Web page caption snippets
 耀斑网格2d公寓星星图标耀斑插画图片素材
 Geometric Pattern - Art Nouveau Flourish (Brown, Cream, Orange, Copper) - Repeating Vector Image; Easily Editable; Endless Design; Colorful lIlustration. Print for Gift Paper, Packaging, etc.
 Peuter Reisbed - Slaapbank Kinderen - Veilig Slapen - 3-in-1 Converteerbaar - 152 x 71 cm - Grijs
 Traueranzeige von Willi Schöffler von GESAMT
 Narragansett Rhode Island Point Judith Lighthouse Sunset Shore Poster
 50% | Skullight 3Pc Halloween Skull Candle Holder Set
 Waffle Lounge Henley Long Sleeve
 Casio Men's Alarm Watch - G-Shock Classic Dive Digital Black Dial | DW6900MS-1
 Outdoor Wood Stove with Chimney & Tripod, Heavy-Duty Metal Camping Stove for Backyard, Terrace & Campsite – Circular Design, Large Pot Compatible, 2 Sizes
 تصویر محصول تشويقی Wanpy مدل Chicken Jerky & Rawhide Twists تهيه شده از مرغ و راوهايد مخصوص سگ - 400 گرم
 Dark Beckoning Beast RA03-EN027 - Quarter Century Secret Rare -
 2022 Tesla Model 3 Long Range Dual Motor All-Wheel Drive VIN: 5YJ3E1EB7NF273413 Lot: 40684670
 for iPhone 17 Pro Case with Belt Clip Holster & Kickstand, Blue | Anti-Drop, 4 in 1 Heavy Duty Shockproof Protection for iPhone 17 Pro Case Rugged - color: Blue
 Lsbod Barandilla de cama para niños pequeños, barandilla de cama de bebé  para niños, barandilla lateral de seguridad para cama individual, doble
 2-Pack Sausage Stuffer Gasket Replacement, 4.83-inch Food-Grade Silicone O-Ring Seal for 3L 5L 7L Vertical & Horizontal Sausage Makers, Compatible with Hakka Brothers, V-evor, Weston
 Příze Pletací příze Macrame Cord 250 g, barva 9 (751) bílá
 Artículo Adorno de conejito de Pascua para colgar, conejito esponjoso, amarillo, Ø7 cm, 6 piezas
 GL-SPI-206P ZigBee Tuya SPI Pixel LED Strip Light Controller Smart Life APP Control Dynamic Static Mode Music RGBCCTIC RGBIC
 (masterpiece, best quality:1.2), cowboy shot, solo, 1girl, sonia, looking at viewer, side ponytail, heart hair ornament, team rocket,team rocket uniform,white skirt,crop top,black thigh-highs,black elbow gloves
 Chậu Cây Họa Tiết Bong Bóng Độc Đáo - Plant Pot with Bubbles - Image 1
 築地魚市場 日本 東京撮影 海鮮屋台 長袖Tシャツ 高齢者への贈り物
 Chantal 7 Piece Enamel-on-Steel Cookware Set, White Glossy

→ **Assignment**
Please write out, exactly as they appear, the line that contains "Peuter Reisbed - Slaapbank" and every line after it up to the end of the entries above, and no others.

→ **Your solution**
 Peuter Reisbed - Slaapbank Kinderen - Veilig Slapen - 3-in-1 Converteerbaar - 152 x 71 cm - Grijs
 Traueranzeige von Willi Schöffler von GESAMT
 Narragansett Rhode Island Point Judith Lighthouse Sunset Shore Poster
 50% | Skullight 3Pc Halloween Skull Candle Holder Set
 Waffle Lounge Henley Long Sleeve
 Casio Men's Alarm Watch - G-Shock Classic Dive Digital Black Dial | DW6900MS-1
 Outdoor Wood Stove with Chimney & Tripod, Heavy-Duty Metal Camping Stove for Backyard, Terrace & Campsite – Circular Design, Large Pot Compatible, 2 Sizes
 تصویر محصول تشويقی Wanpy مدل Chicken Jerky & Rawhide Twists تهيه شده از مرغ و راوهايد مخصوص سگ - 400 گرم
 Dark Beckoning Beast RA03-EN027 - Quarter Century Secret Rare -
 2022 Tesla Model 3 Long Range Dual Motor All-Wheel Drive VIN: 5YJ3E1EB7NF273413 Lot: 40684670
 for iPhone 17 Pro Case with Belt Clip Holster & Kickstand, Blue | Anti-Drop, 4 in 1 Heavy Duty Shockproof Protection for iPhone 17 Pro Case Rugged - color: Blue
 Lsbod Barandilla de cama para niños pequeños, barandilla de cama de bebé  para niños, barandilla lateral de seguridad para cama individual, doble
 2-Pack Sausage Stuffer Gasket Replacement, 4.83-inch Food-Grade Silicone O-Ring Seal for 3L 5L 7L Vertical & Horizontal Sausage Makers, Compatible with Hakka Brothers, V-evor, Weston
 Příze Pletací příze Macrame Cord 250 g, barva 9 (751) bílá
 Artículo Adorno de conejito de Pascua para colgar, conejito esponjoso, amarillo, Ø7 cm, 6 piezas
 GL-SPI-206P ZigBee Tuya SPI Pixel LED Strip Light Controller Smart Life APP Control Dynamic Static Mode Music RGBCCTIC RGBIC
 (masterpiece, best quality:1.2), cowboy shot, solo, 1girl, sonia, looking at viewer, side ponytail, heart hair ornament, team rocket,team rocket uniform,white skirt,crop top,black thigh-highs,black elbow gloves
 Chậu Cây Họa Tiết Bong Bóng Độc Đáo - Plant Pot with Bubbles - Image 1
 築地魚市場 日本 東京撮影 海鮮屋台 長袖Tシャツ 高齢者への贈り物
 Chantal 7 Piece Enamel-on-Steel Cookware Set, White Glossy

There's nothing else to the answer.